# RECORDED INFORMATION
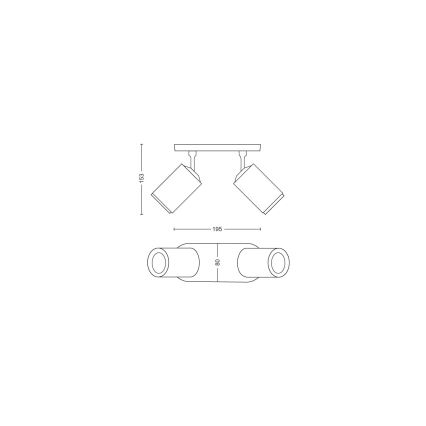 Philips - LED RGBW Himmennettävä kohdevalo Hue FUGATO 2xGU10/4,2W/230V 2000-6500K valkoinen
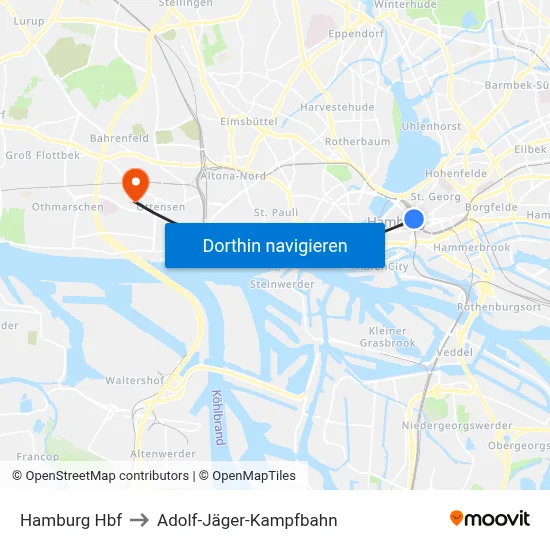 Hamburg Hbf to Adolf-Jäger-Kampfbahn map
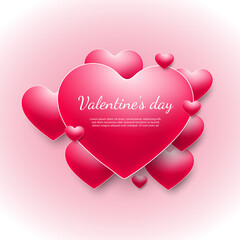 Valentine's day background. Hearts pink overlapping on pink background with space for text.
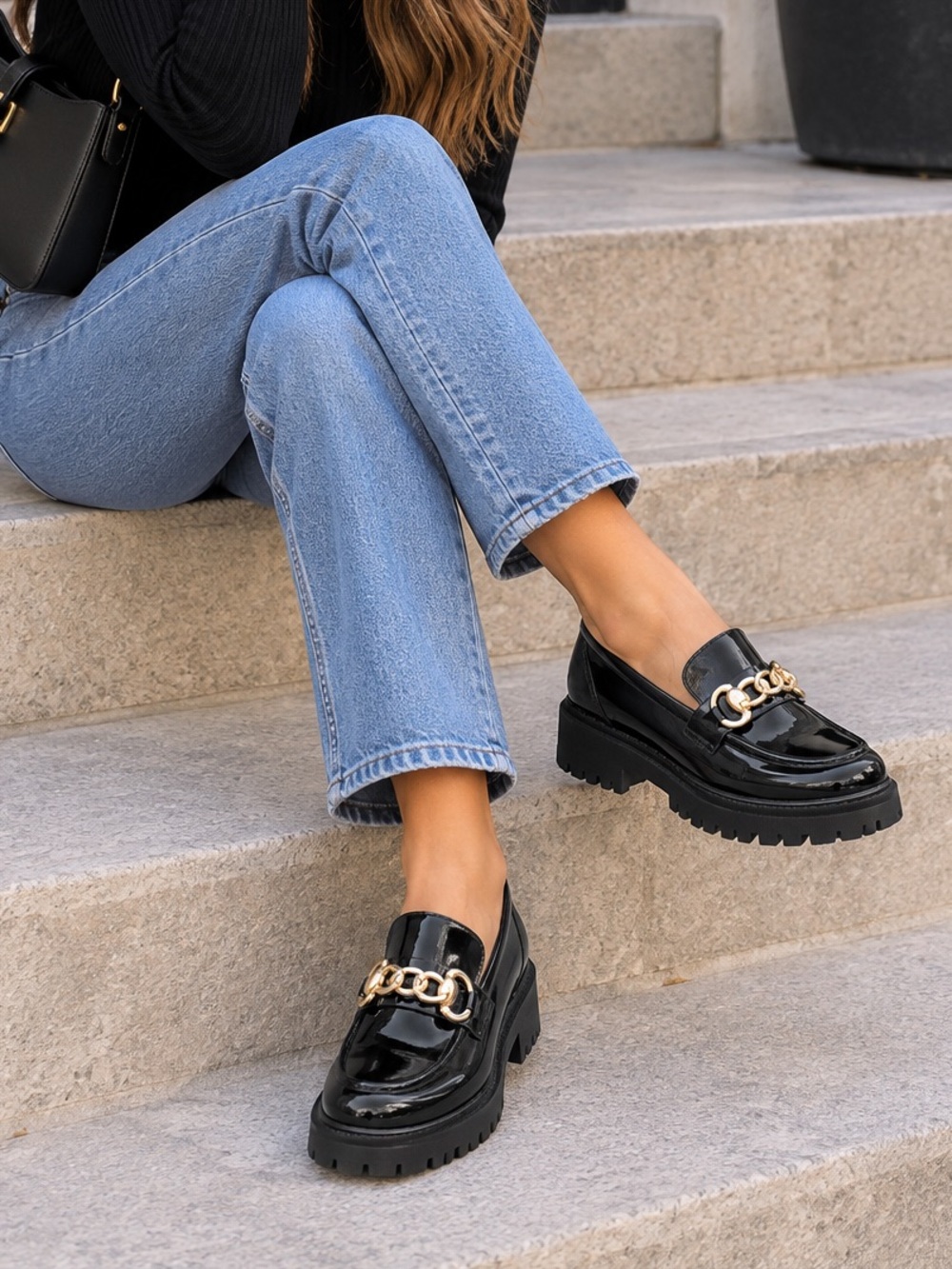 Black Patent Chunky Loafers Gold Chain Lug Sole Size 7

# REQUIREMENT
Every line in the data above needs to be given again exactly, pictures aside.

# REPLY TO THE TASK
 Philips - LED RGBW Himmennettävä kohdevalo Hue FUGATO 2xGU10/4,2W/230V 2000-6500K valkoinen
 Hamburg Hbf to Adolf-Jäger-Kampfbahn map
 Valentine's day background. Hearts pink overlapping on pink background with space for text.
 Black Patent Chunky Loafers Gold Chain Lug Sole Size 7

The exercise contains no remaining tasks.